* **Material supplied**:
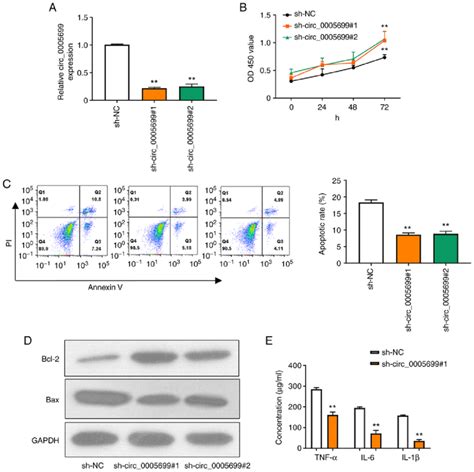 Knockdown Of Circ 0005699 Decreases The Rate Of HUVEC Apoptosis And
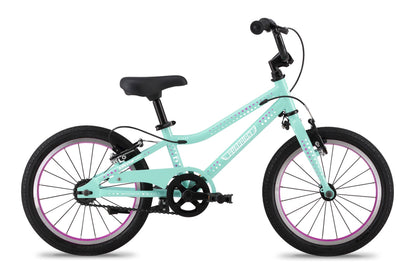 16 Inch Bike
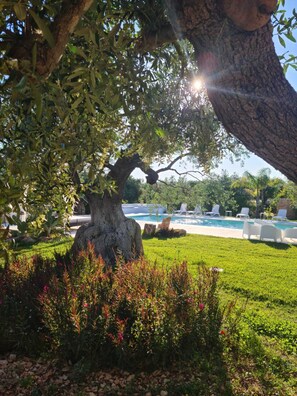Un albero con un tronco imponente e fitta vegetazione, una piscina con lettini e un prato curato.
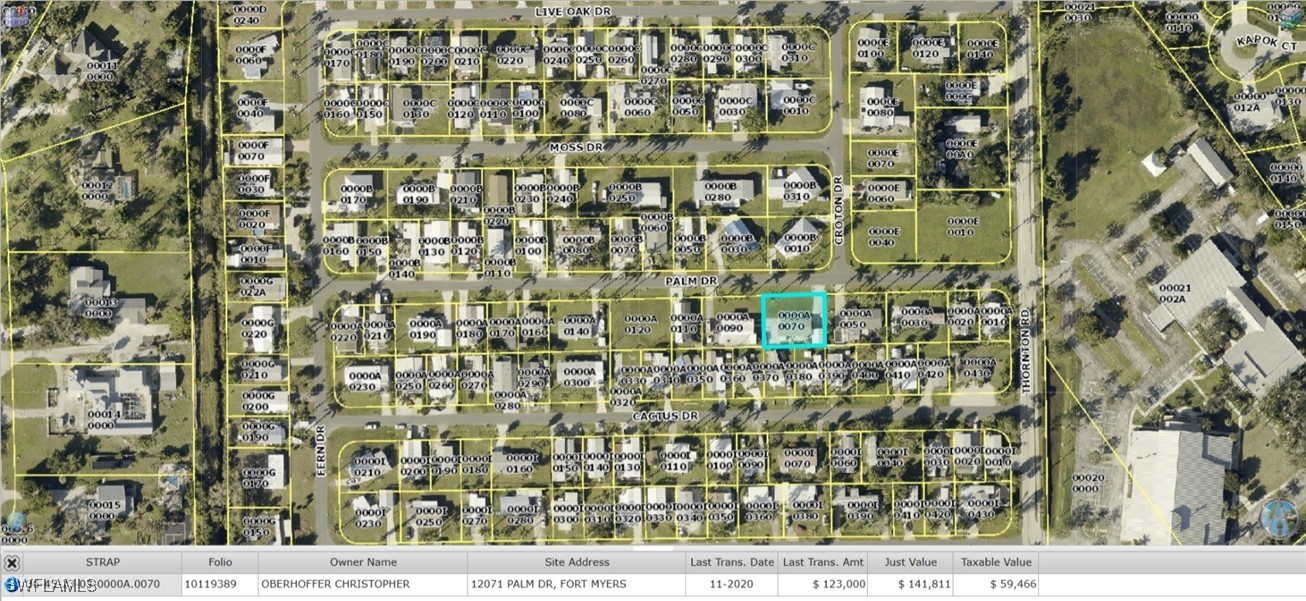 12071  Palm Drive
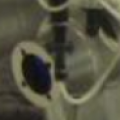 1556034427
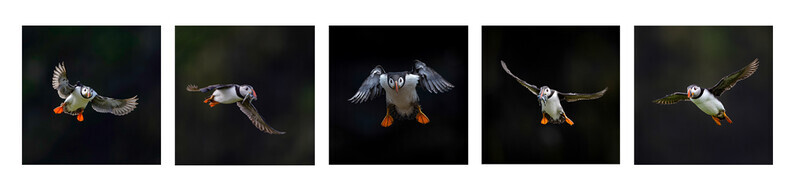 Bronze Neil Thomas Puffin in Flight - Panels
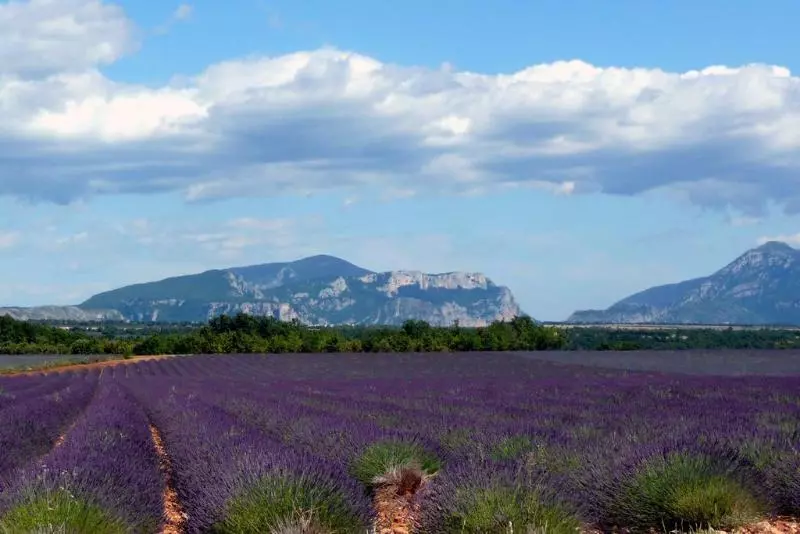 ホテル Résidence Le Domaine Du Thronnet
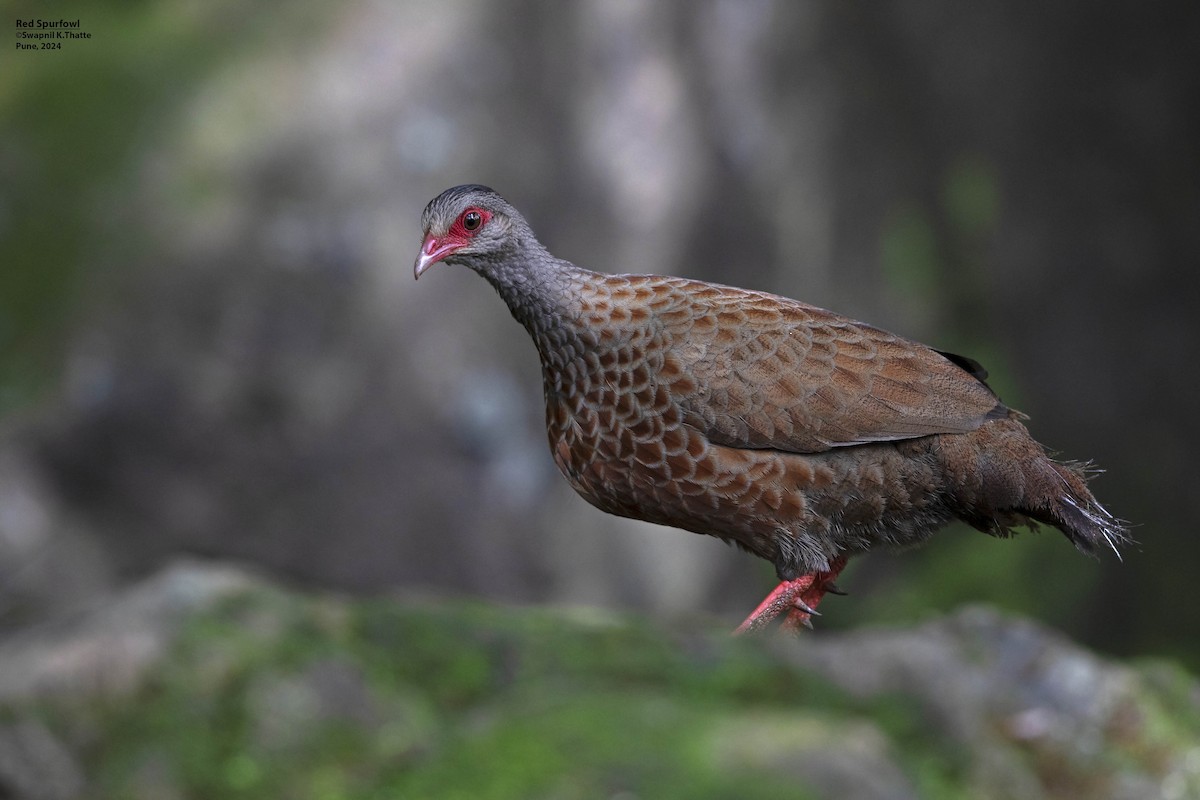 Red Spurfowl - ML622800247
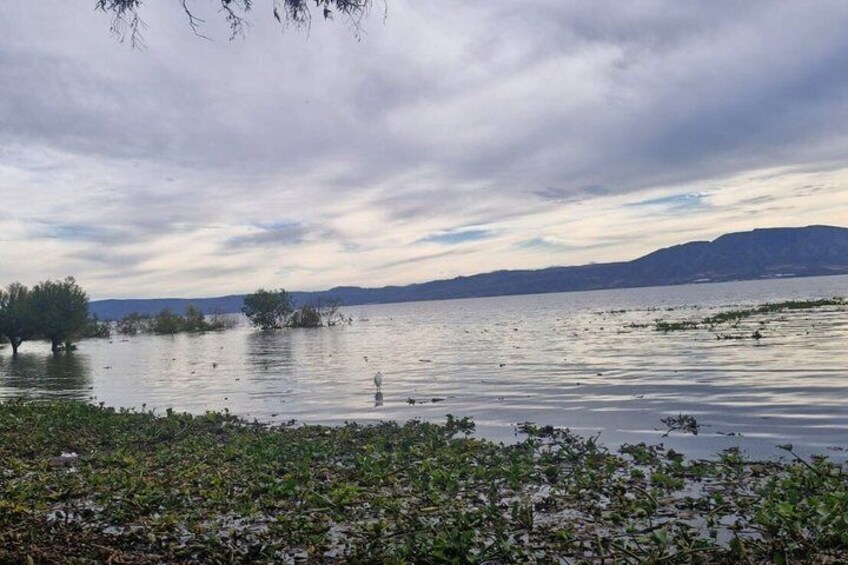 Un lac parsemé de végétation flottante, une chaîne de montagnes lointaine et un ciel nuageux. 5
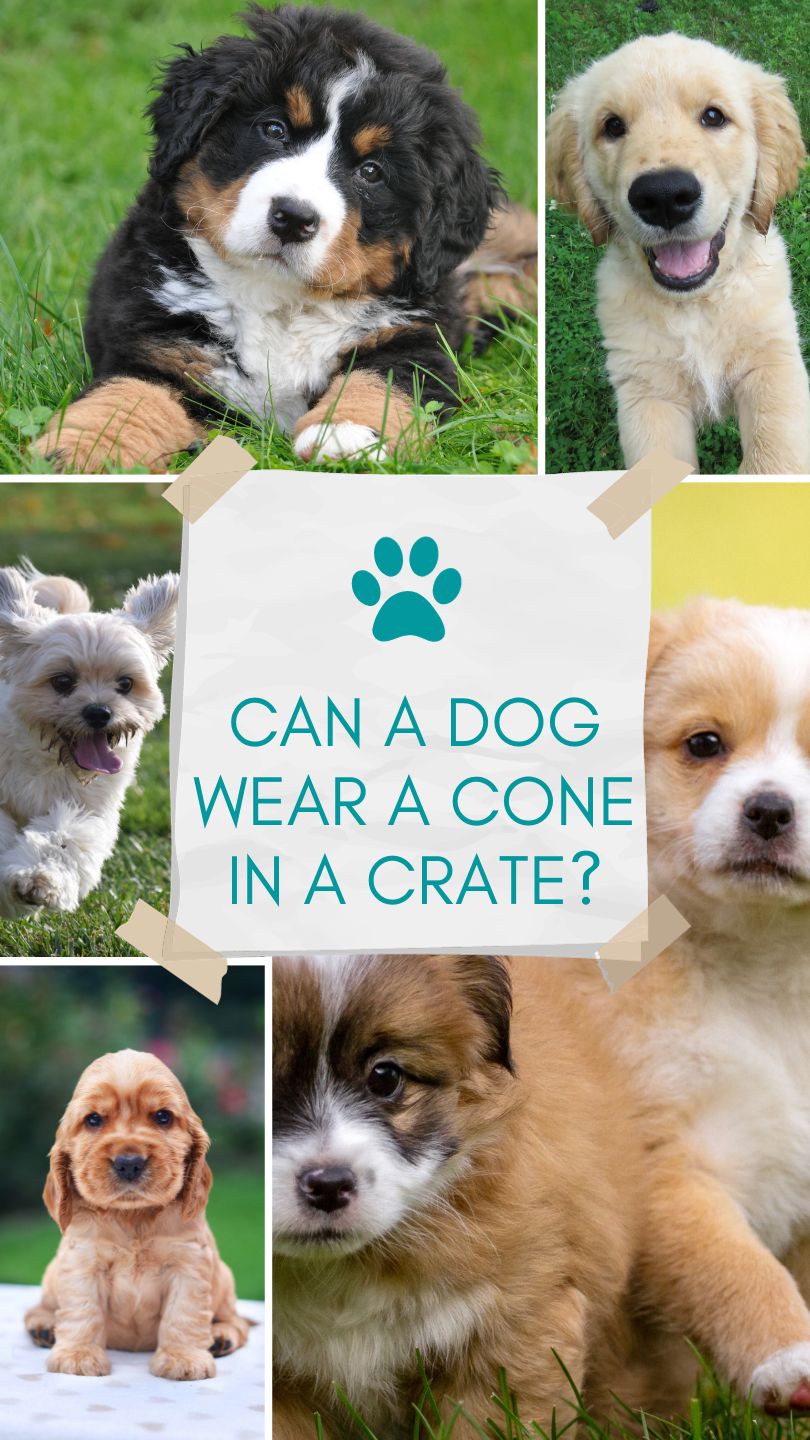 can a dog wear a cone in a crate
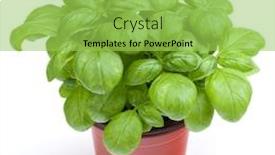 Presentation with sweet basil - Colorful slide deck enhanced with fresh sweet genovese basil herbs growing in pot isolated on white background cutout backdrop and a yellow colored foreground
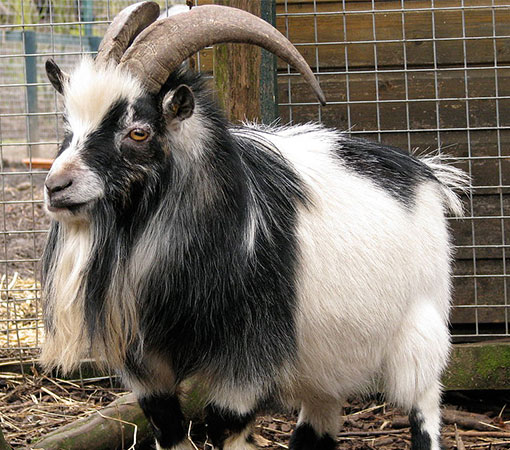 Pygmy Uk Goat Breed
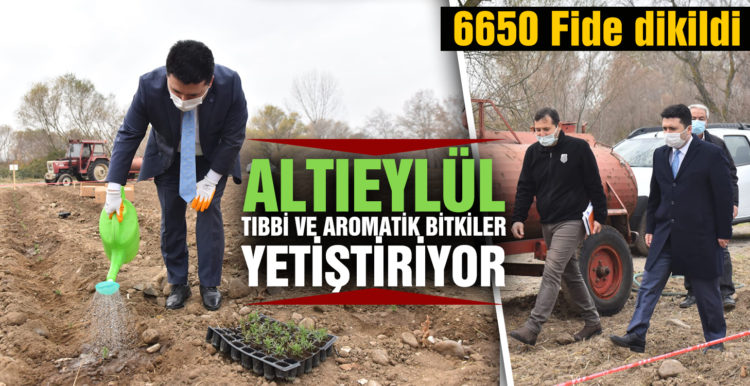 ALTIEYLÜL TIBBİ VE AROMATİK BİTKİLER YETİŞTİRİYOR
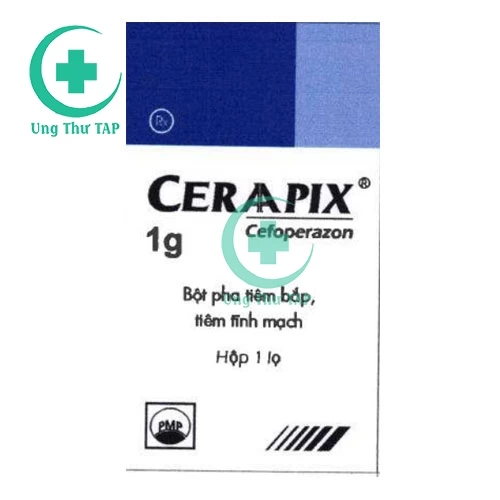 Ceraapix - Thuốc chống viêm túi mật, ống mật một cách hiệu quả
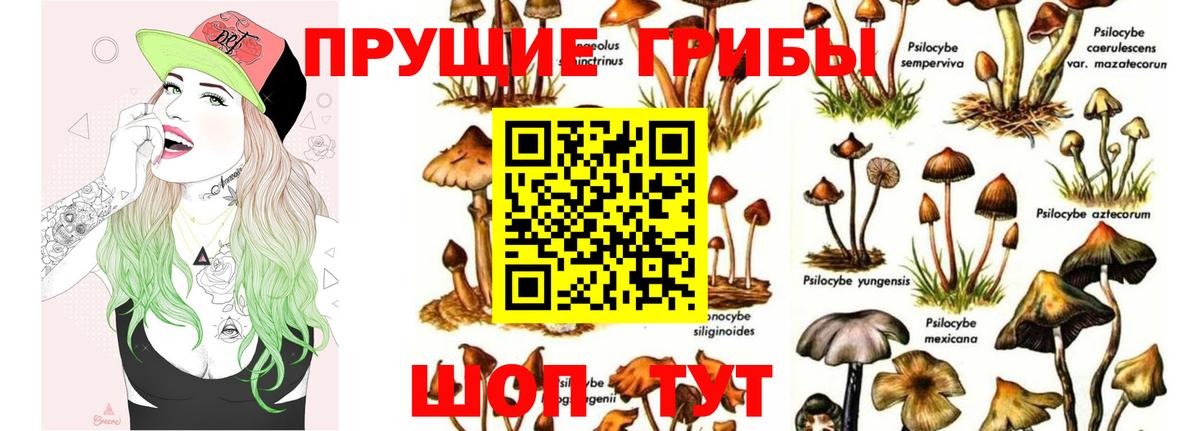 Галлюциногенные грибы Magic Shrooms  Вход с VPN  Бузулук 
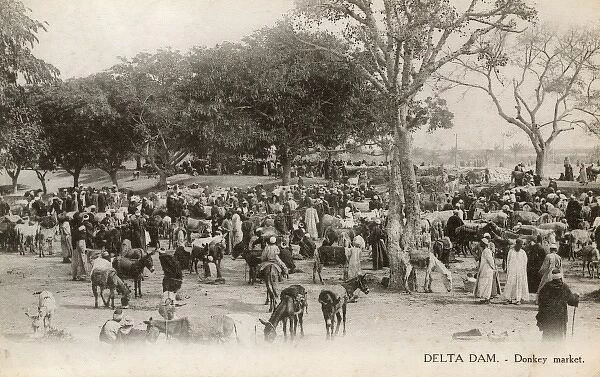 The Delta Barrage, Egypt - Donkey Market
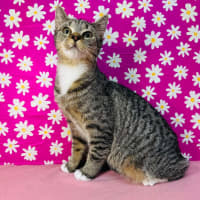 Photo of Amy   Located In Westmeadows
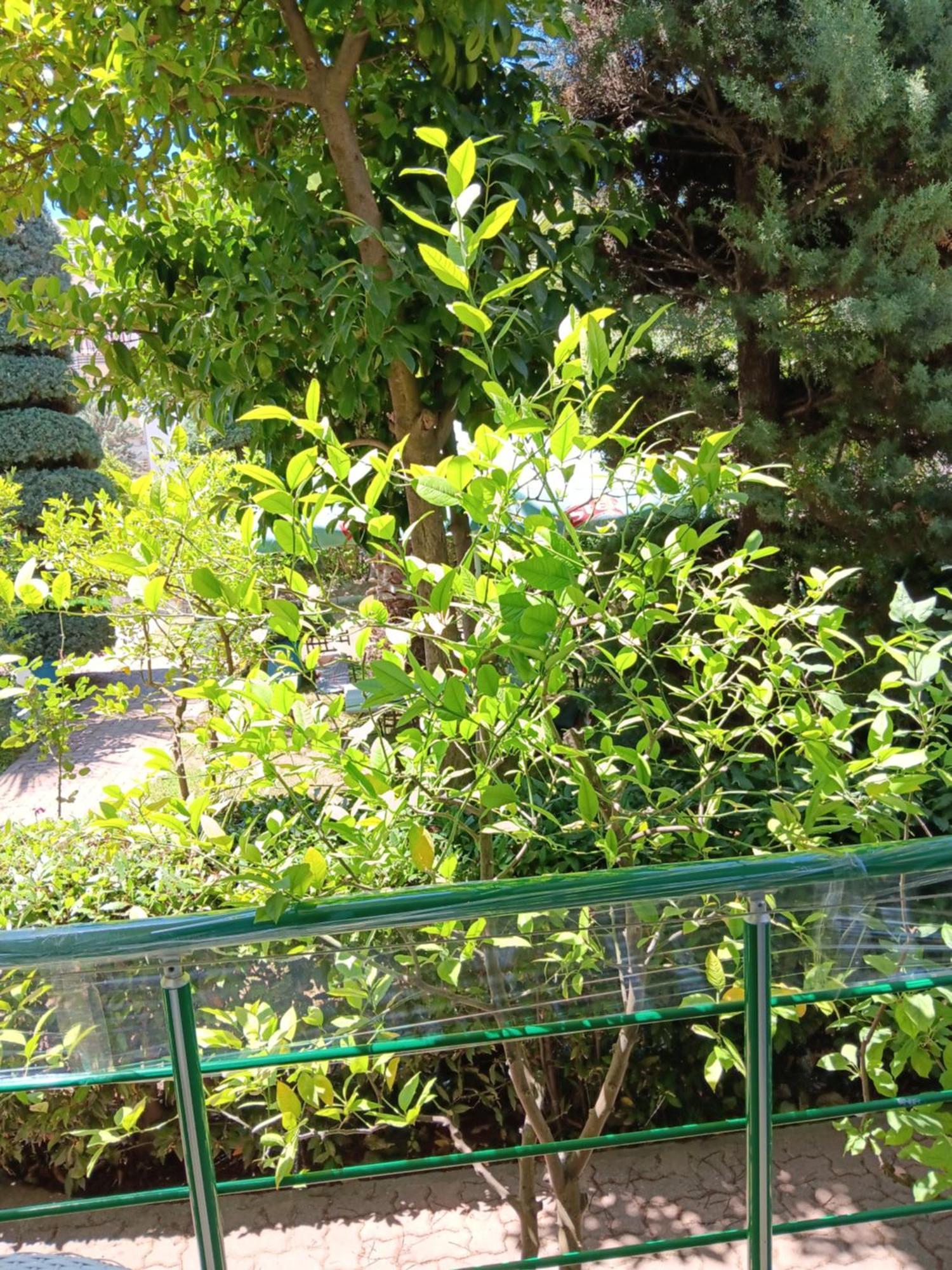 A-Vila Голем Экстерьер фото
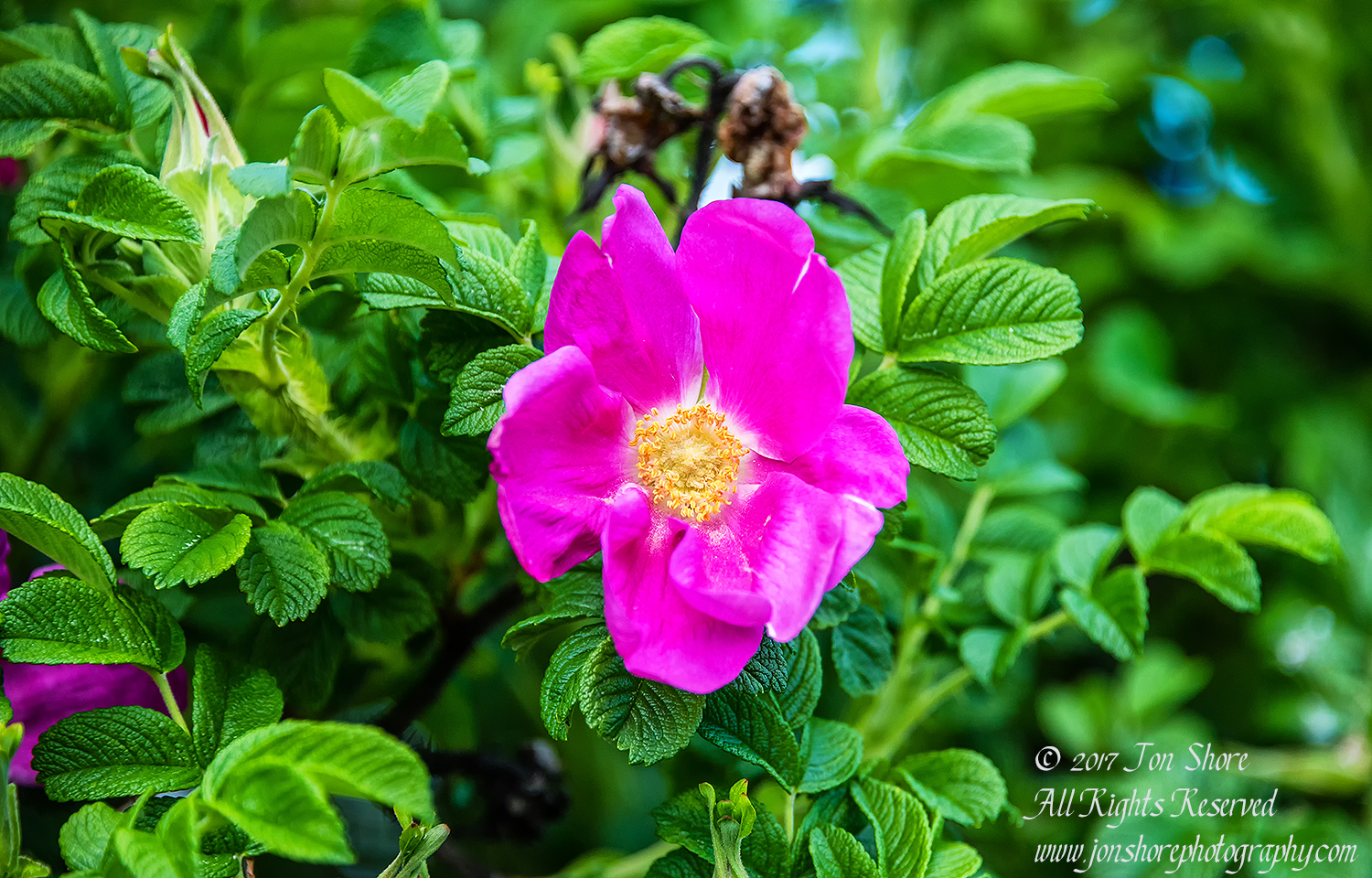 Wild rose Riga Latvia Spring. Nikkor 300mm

* **Directions for this task**:
From the records above, give again only the part that opens with the line containing "Un albero con" and closes with the line containing "ALTIEYLÜL TIBBİ VE". Keep both ends but drop the pictures.

* **Written response**:
Un albero con un tronco imponente e fitta vegetazione, una piscina con lettini e un prato curato.
 12071  Palm Drive
 1556034427
 Bronze Neil Thomas Puffin in Flight - Panels
 ホテル Résidence Le Domaine Du Thronnet
 Red Spurfowl - ML622800247
 Un lac parsemé de végétation flottante, une chaîne de montagnes lointaine et un ciel nuageux. 5
 can a dog wear a cone in a crate
 Presentation with sweet basil - Colorful slide deck enhanced with fresh sweet genovese basil herbs growing in pot isolated on white background cutout backdrop and a yellow colored foreground
 Pygmy Uk Goat Breed
 ALTIEYLÜL TIBBİ VE AROMATİK BİTKİLER YETİŞTİRİYOR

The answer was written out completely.